(Beginning of The data)
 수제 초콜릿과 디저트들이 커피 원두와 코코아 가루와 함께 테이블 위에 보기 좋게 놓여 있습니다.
(End of The data)
(Beginning of The data)
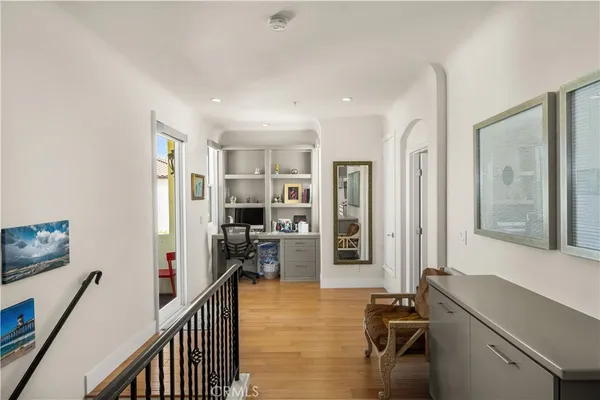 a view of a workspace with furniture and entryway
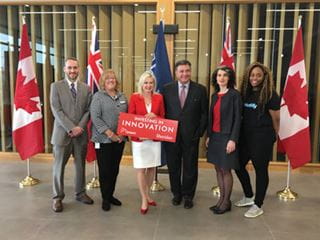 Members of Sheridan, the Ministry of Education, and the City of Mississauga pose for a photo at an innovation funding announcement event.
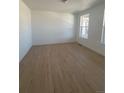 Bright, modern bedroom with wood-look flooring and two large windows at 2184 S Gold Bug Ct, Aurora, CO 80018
(End of The data)
* Instructions to follow: In the listing above, the required lines run from the line with "Members of Sheridan, the" through the line with "Bright, modern bedroom". Output exactly those lines, omitting pictures.

* Response:
 Members of Sheridan, the Ministry of Education, and the City of Mississauga pose for a photo at an innovation funding announcement event.
 Bright, modern bedroom with wood-look flooring and two large windows at 2184 S Gold Bug Ct, Aurora, CO 80018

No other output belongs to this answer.